_Exercise_:
Transcribe the data as written, minus images.

Available data Block Start

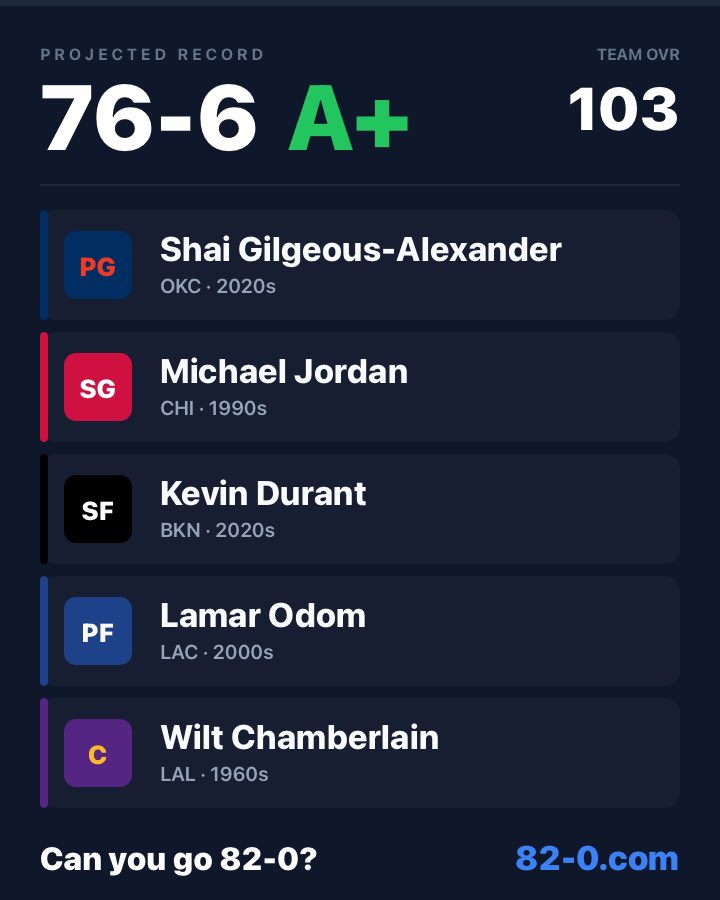 chvllen's tweet photo. the 82-0 was from the classic mode

the 76-6 was from the hoopiq mode https://t.co/moGzRBr83X
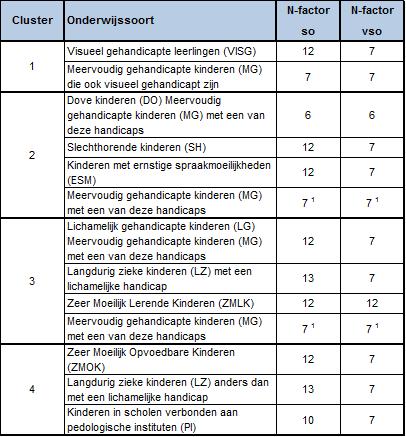 boven afgerond als het cijfer achter de komma groter is dan 5. In het andere geval wordt het getal naar beneden afgerond. Tabel 2.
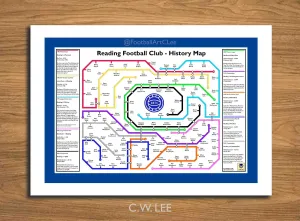 Reading Football Club History Tube Map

Available data Block End

_Exercise answer_:
 chvllen's tweet photo. the 82-0 was from the classic mode

the 76-6 was from the hoopiq mode https://t.co/moGzRBr83X
 boven afgerond als het cijfer achter de komma groter is dan 5. In het andere geval wordt het getal naar beneden afgerond. Tabel 2.
 Reading Football Club History Tube Map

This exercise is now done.